ここで、電子文書Mを取得するのを待って(ステップS401:No)、取得した場合(ステップS401:Yes)、指定部302により、改訂対象となる構成要素の指定を受け付けたか否かを判断する(ステップS402)。このあと、指定を受け付けるのを待って(ステップS402:No)、受け付けた場合(ステップS402:Yes)、隠蔽禁止対象となる構成要素の指定を受け付けたか否かを判断する(ステップS403)。

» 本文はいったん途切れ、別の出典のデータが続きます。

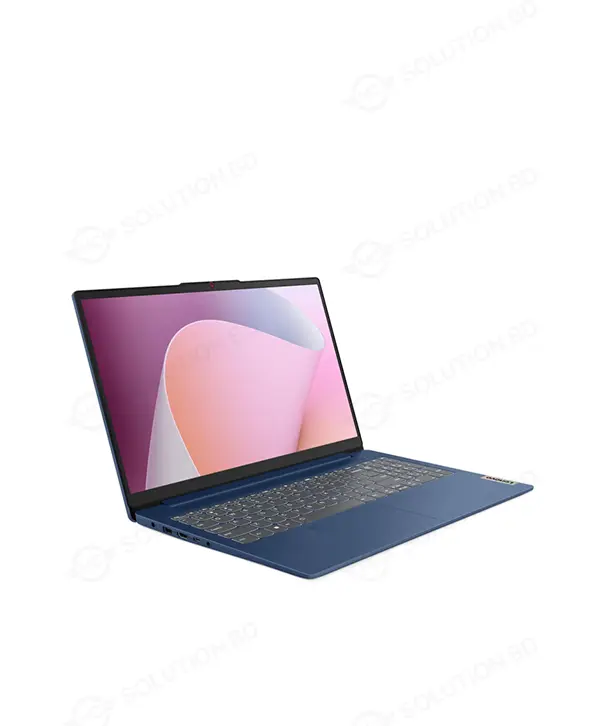 Lenovo IdeaPad Slim 3 15AMN8 82XQ | 15.6" FHD | Ryzen 5 40 | 16GB Ram | 512GB SSD | AMD Radeon 610M | AMD SoC | W11 | HS+M365 6 Lenovo IdeaPad Slim 3 15AMN8 82XQ01ECMJ Abyss Blue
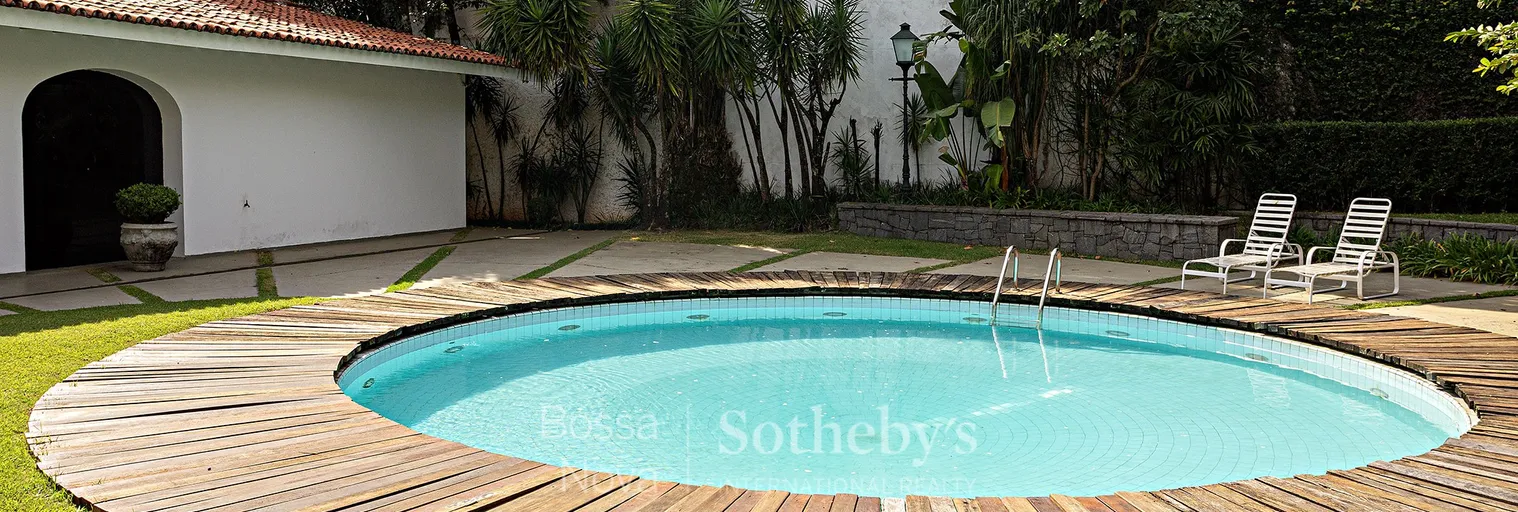 Piscina - Imagem 12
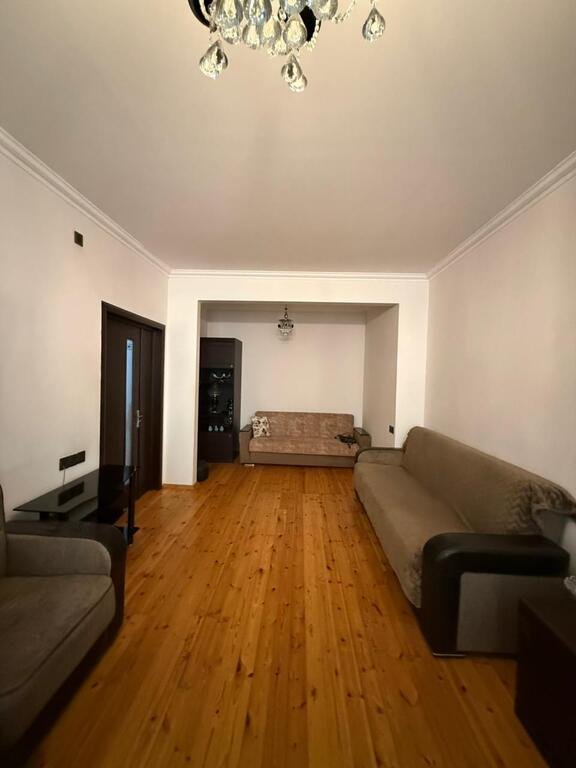 Satılır 2 otaqlı yeni tikili, 90 m², Əhmədli m.-7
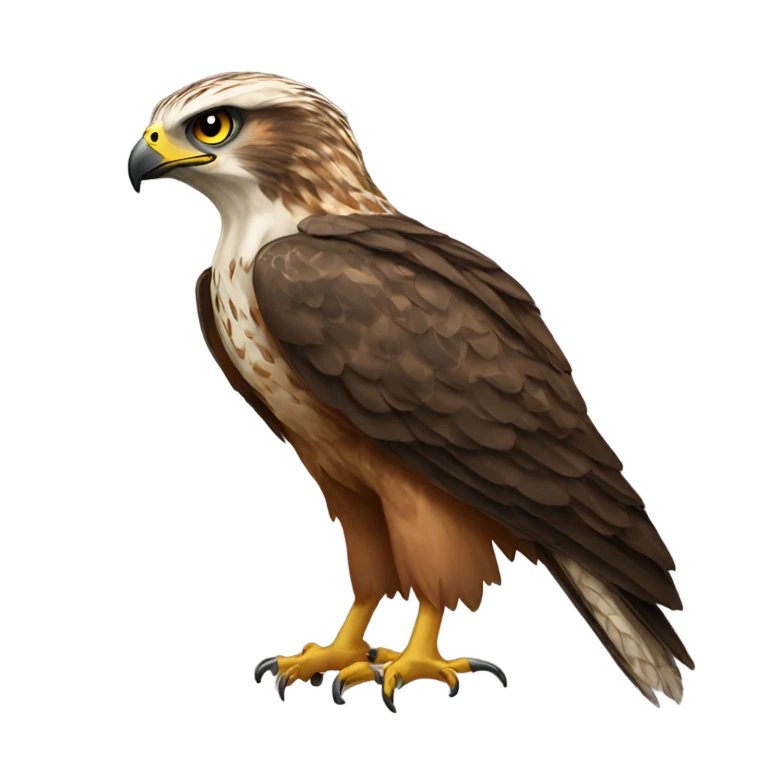 hawk tuah emoji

ここで、隠蔽禁止対象となる構成要素の指定を受け付けた場合(ステップS403:Yes)、判断部303により、隠蔽禁止対象に指定された構成要素と当該構成要素に規定されている第1の電子署名および第2の電子署名との存否に基づいて、当該構成要素が隠蔽可能でかつ削除可能な状態であるか否かを判断する(ステップS404)。
ここで、隠蔽可能でかつ削除可能な状態であると判断された場合(ステップS404:Yes)、削除部304により、隠蔽禁止対象となる構成要素に規定されている第2の電子署名を削除する(ステップS405)。そして、設定部305により、隠蔽禁止対象となる構成要素を、隠蔽可能でかつ削除可能な状態から隠蔽禁止でかつ削除可能な状態に設定して(ステップS406)、本フローチャートによる一連の処理を終了する。
一方、ステップS404において、隠蔽可能でかつ削除可能な状態であると判断されなかった場合(ステップS404:No)、本フローチャートによる一連の処理を終了する。また、ステップS403において、隠蔽禁止対象となる構成要素の指定を受け付けていない場合(ステップS403:No)、削除禁止対象となる構成要素の指定を受け付けたか否かを判断する(ステップS407)。
ここで、削除禁止対象となる構成要素の指定を受け付けた場合(ステップS407:Yes)、判断部303により、削除禁止対象に指定された構成要素と当該構成要素に規定されている第1の電子署名との存否に基づいて、当該構成要素が削除可能な状態であるか否かを判断する(ステップS408)。
ここで、削除可能な状態であると判断された場合(ステップS408:Yes)、削除部304により、削除禁止対象となる構成要素に規定されている第1の電子署名を削除する(ステップS409)。そして、設定部305により、削除禁止対象となる構成要素を、削除可能な状態から削除禁止な状態に設定して(ステップS410)、本フローチャートによる一連の処理を終了する。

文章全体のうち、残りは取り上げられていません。